Ingredients:

  • 6 slices thick-cut bacon, diced (approx. 170g)
  • 1 medium yellow onion, finely diced (approx. 150g)
  • 3 cloves garlic, minced
  • 3 lbs Russet potatoes, peeled and cut into 1/2-inch cubes
  • 4 cups low-sodium chicken broth
  • 1/4 cup all-purpose flour
  • 2 cups whole milk, room temperature
  • 1/2 cup full-fat sour cream
  • 2 cups sharp cheddar cheese, freshly shredded
  • 1 tsp kosher salt
  • 1/2 tsp freshly cracked black pepper
  • 1/4 cup fresh chives, sliced

Instructions:

  1. Place diced bacon in a cold Dutch oven over medium heat.
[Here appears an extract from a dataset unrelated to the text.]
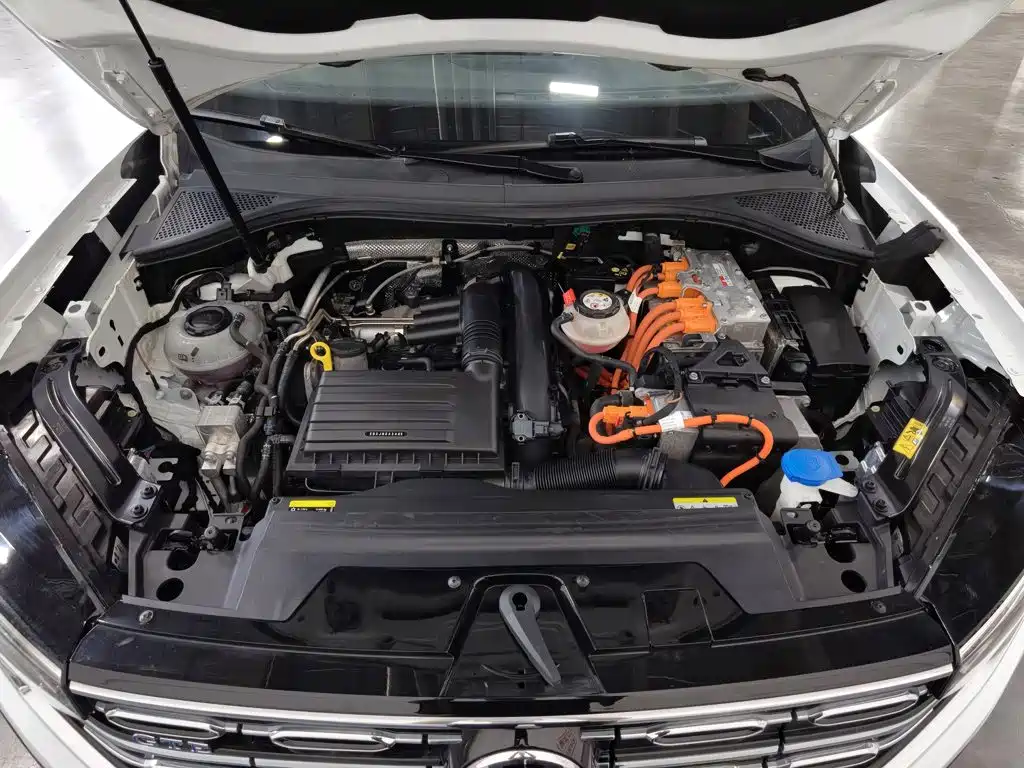 Volkswagen 探岳 GTE — миниатюра 6
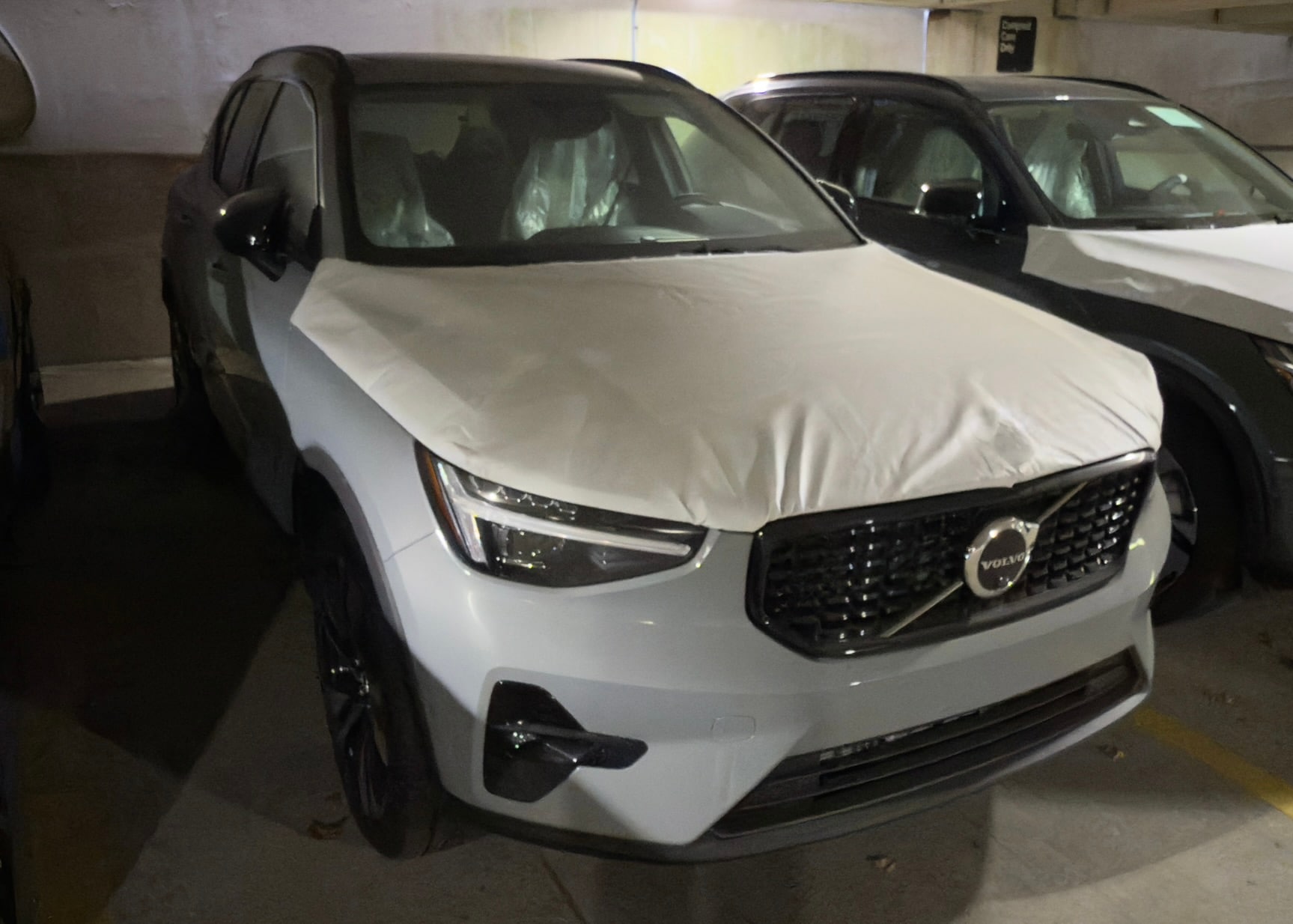 2025 Volvo XC40 Plus's photo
Cook until the bacon is crisp and mahogany-colored. Remove bacon with a slotted spoon to a paper towel-lined plate, reserving 3 tablespoons of rendered fat in the pot.
  2. Add diced onions to the hot bacon fat and sauté for 5 minutes until translucent. Stir in minced garlic and cook for 60 seconds until fragrant.
  3. Sprinkle flour over the aromatics and whisk constantly for 2 minutes to cook out the raw flour taste, creating a light roux.
  4. Slowly pour in the chicken broth and milk while whisking to prevent lumps. Add the cubed potatoes and bring to a gentle simmer.
  5. Cook for 12-15 minutes or until the potatoes are fork-tender. Use a potato masher to crush about a third of the potatoes directly in the pot for a thick, chunky texture.
  6. Remove the pot from the heat. Stir in the sour cream, shredded cheddar cheese, salt, and pepper until the cheese is melted and the soup is glossy.
  7. Serve immediately topped with reserved crispy bacon bits and sliced chives.